**What you need to do**
Return the whole listing exactly, omitting the pictures.

**Data**
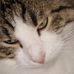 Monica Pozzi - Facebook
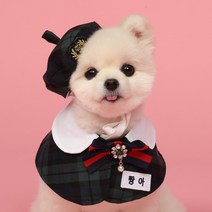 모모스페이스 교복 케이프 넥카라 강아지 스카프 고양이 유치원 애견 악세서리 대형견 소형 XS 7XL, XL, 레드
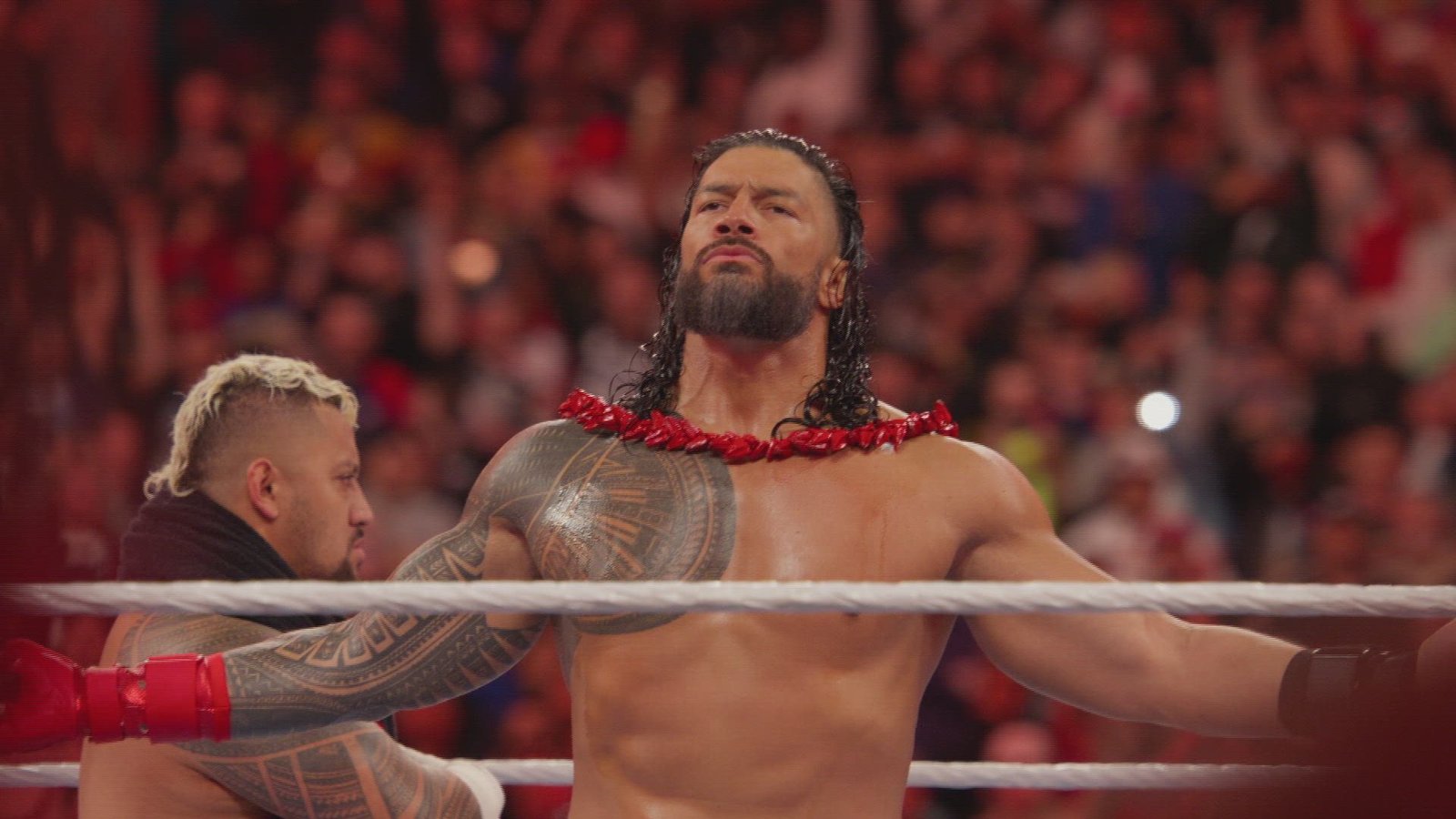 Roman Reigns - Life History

**Response**
 Monica Pozzi - Facebook
 모모스페이스 교복 케이프 넥카라 강아지 스카프 고양이 유치원 애견 악세서리 대형견 소형 XS 7XL, XL, 레드
 Roman Reigns - Life History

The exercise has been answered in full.